Ryan Howard is making an MVP run while playing through a threat that he might never walk again. A month ago, Howard told the Philadelphia media this week, he was made aware of a letter post-marked in Scranton, Pa., in which a fan threatened to shoot him and cripple him.
“He said he wouldn’t kill me. He would cripple me,” said Howard, who played for the Phillies’ Triple-A team in Scranton in 2004-05.
The letter was from a Mets fan who said David Wright, not Howard, deserved to win the home run derby competition at the All-Star Game.
“It didn’t bother me. If he’s writing letters like that, that dude’s got bigger problems than me.”
The Phillies forwarded the letter to the Philadelphia police, who with other law enforcement agencies are investigating. There were no racial overtones, Howard said.
Howard, the 2005 NL Rookie of the Year, has joined St. Louis first baseman Albert Pujols and Mets center fielder Carlos Beltran in the MVP race while also closing in on Mike Schmidt’s franchise home run record.
Howard hit his NL-leading 43rd homer Saturday, five short of Schmidt’s Phillies record of 48 set in 1980.
Since learning of the letter, Howard has 12 homers and 33 RBIs. He leads the league with 111 RBIs.
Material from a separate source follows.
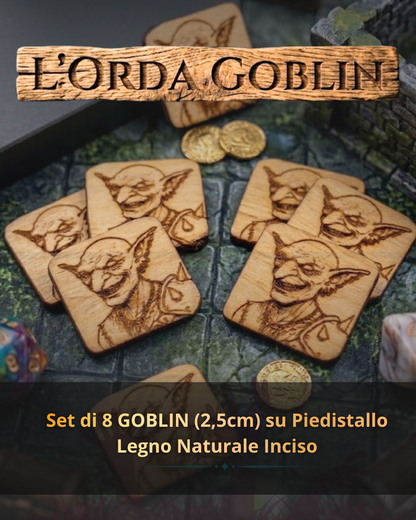 L'Orda Goblin: Set 8 Token "Battle-Ready" (2,5 cm) in Legno Naturale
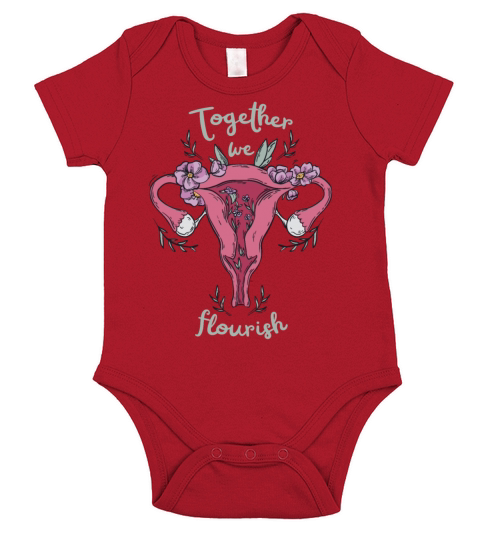 Women Empowerment Quote Flourishing Uterus Short Sleeve Baby One-Piece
The Phils, by the way, seem disinclined to sign new franchise cornerstones Howard and Chase Utley to long-term deals, feeling extended deals to Bobby Abreu and, especially, Pat Burrell did not pay off.
When the Dodgers won 17 of 18 to jump ahead in the NL West, it was the franchise’s best streak 1899, when Wee Willie Keeler and the Brooklyn Superbas went 20-1.
The last team to win 17 of 18, according to Elias, was the 1986 New York Mets, who went on to win the World Series that year. Minnesota had a 19-1 streak this season.
“I’m sure it’s something we’ll look back on and say ‘Wow, that was a good stretch,’ ” Dodgers catcher Russell Martin said.
“Right now, we’re just trying to look ahead and come out every day and keep playing solid baseball.”
The Dodgers gained 11 games in the NL West in a 20-day span. They were in last place on Aug. 1.
The run began four days before they acquired Greg Maddux from the Cubs. Maddux has been almost flawless after being reunited with general manager Ned Colletti, a former Cubs executive.
Maddux threw an astounding 68 pitches in eight innings last Sunday, a game Martin won with a walk-off home run in the 10th. Maddux retired the last 21 he faced.
“He played with us,” San Francisco manager Felipe Alou said. “He makes you chase the pitch he wants to make.”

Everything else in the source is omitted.